» **EXERCISE DIRECTIONS**
All of the listing, from first line to last, should be output exactly; the pictures stay out.
[[ DATA BLOCK, beginning ]]
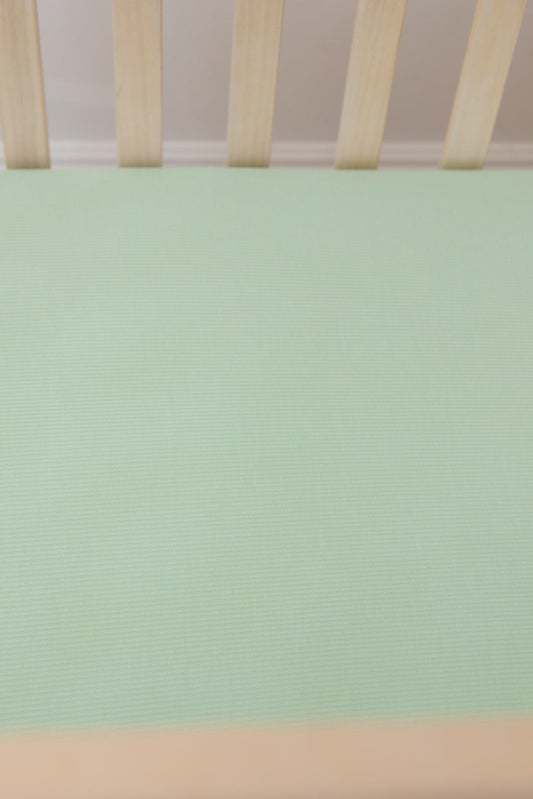 (SOLID, ribbed) Lion Around - Crib Sheet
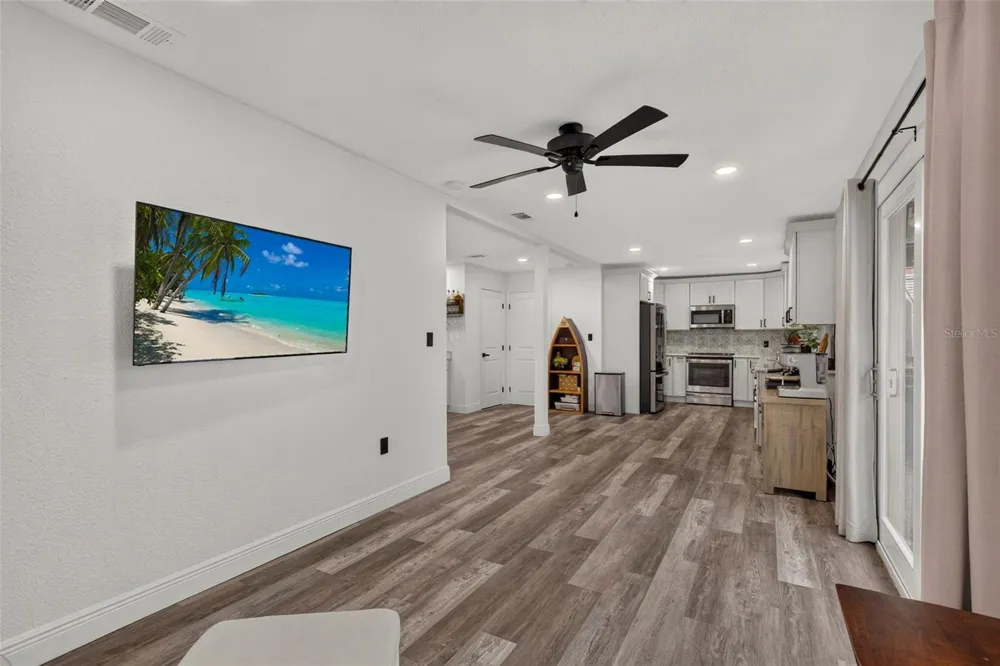 1435 BURNING TREE ROAD Tarpon Springs, FL 34689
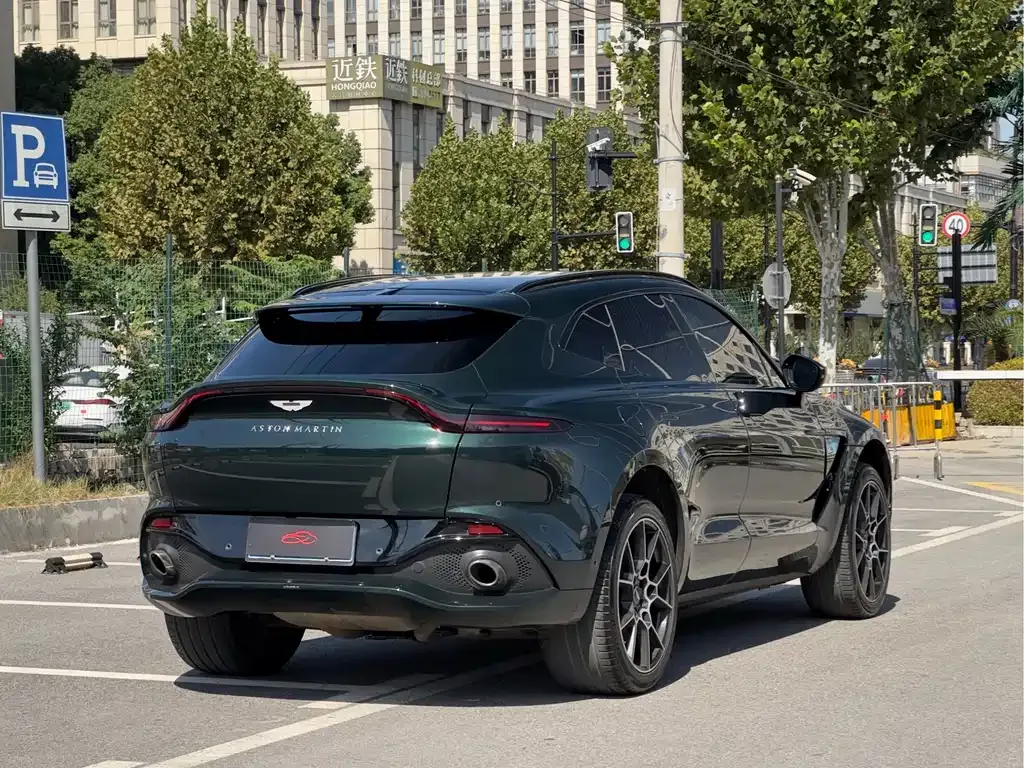 Aston Martin DBX — фото 5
[[ DATA BLOCK, end ]]
» **SOLUTION TO THE PROBLEM**
 (SOLID, ribbed) Lion Around - Crib Sheet
 1435 BURNING TREE ROAD Tarpon Springs, FL 34689
 Aston Martin DBX — фото 5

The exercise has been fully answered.